§ What you are asked to do
With the pictures left out, please write out exactly each line from the one containing "Porsche Panamera 2019 — Şəkil 16/32" through the end of the material.

§ Recorded data
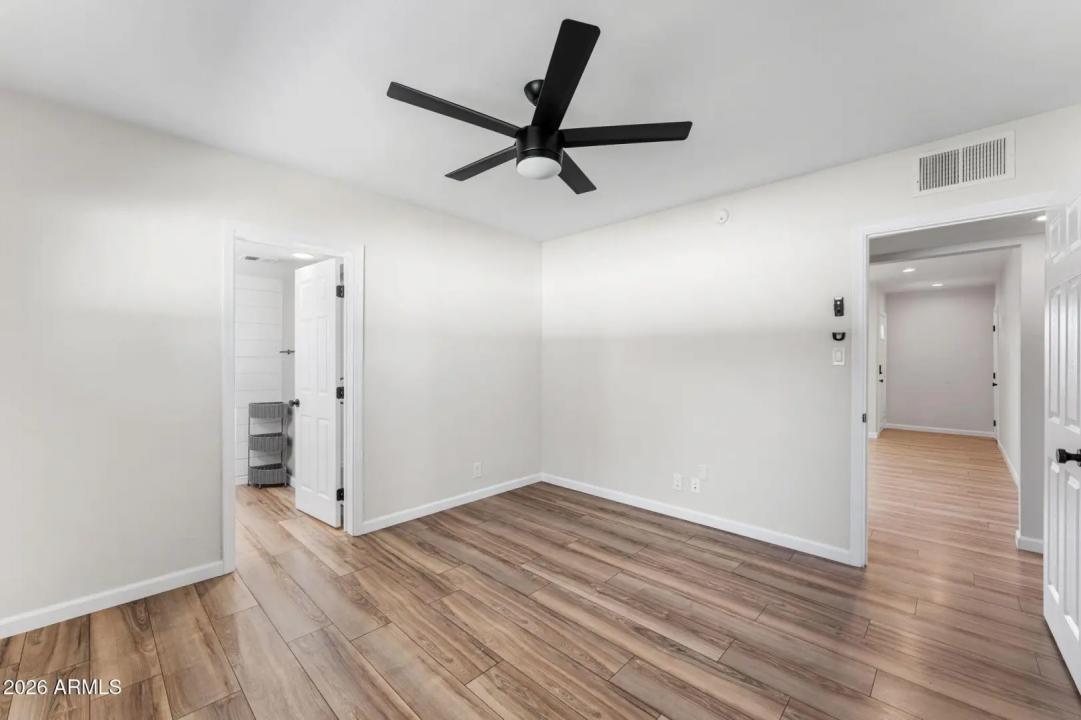 Real Estate Picture 24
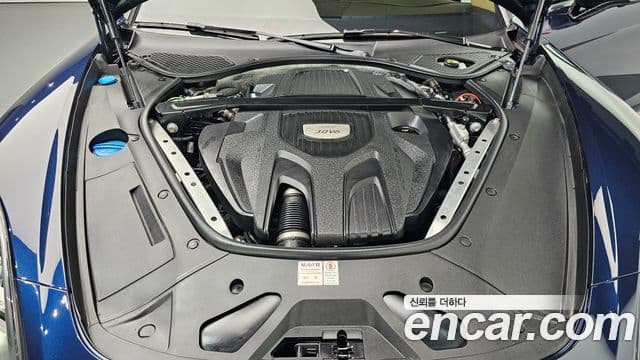 Porsche Panamera 2019 — Şəkil 16/32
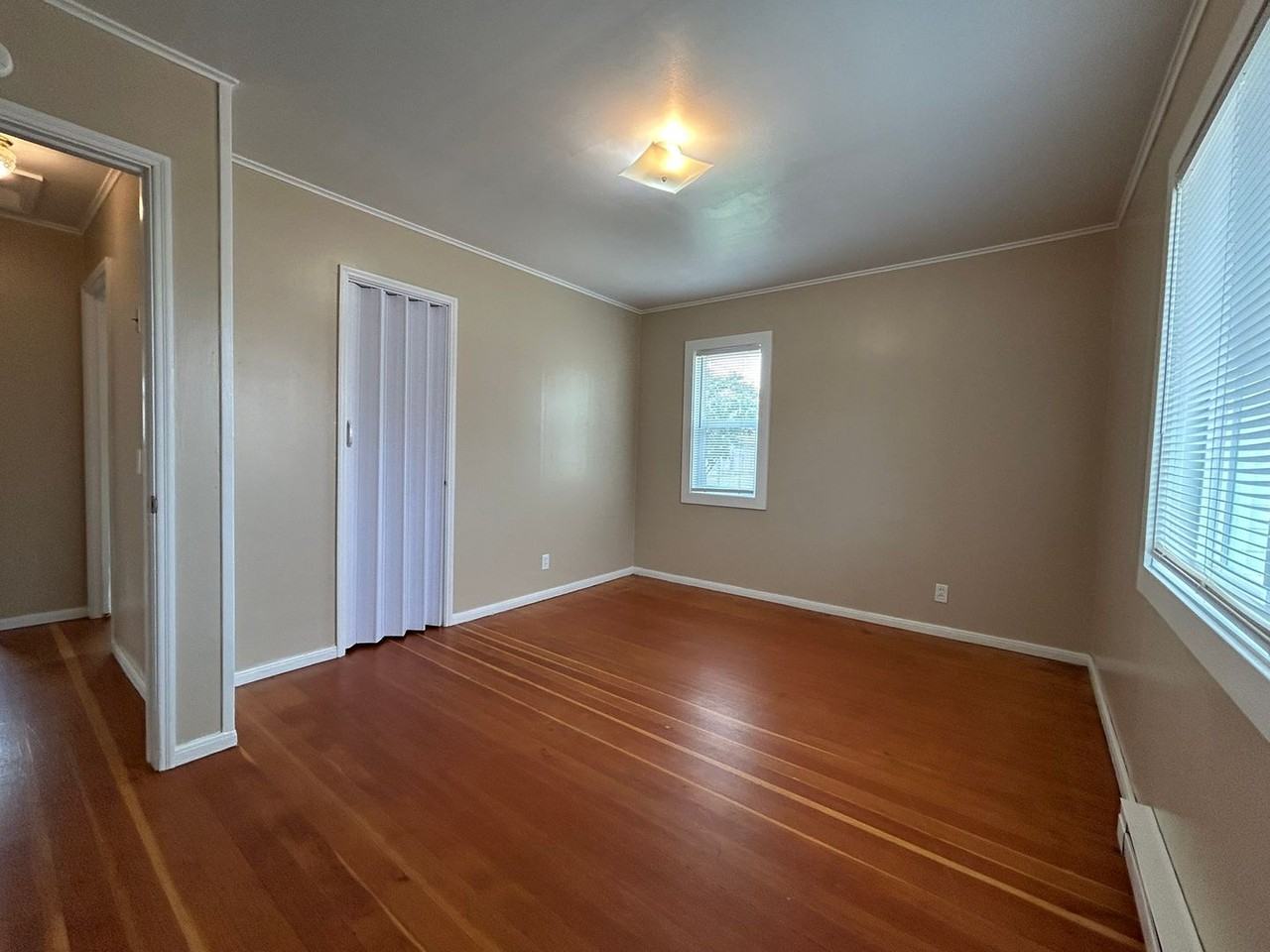 1115 Sanford Ave - Photo 5 of 22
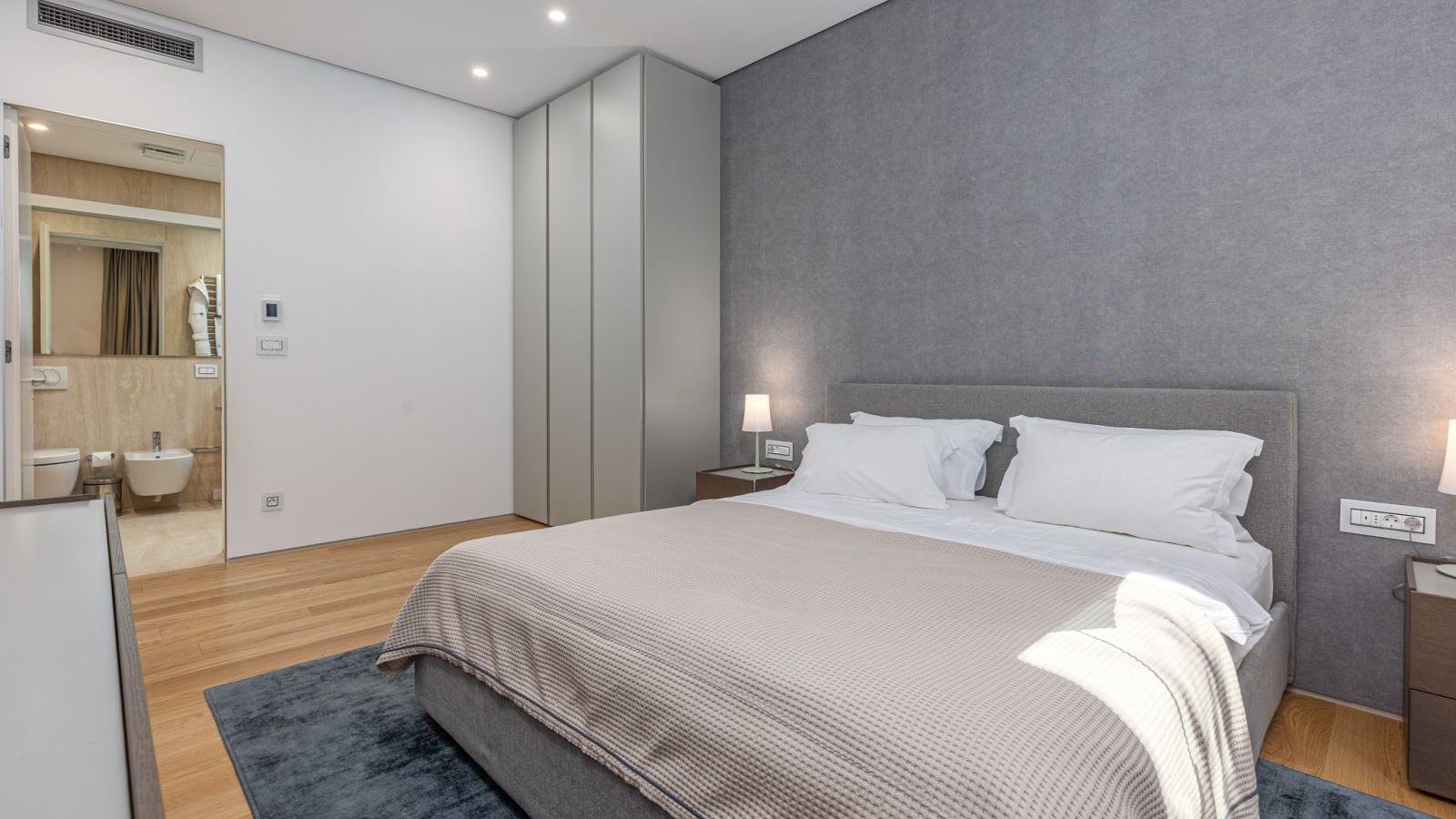 rooms-four-bedrooms-residence-garden-line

§ Result for this task
 Porsche Panamera 2019 — Şəkil 16/32
 1115 Sanford Ave - Photo 5 of 22
 rooms-four-bedrooms-residence-garden-line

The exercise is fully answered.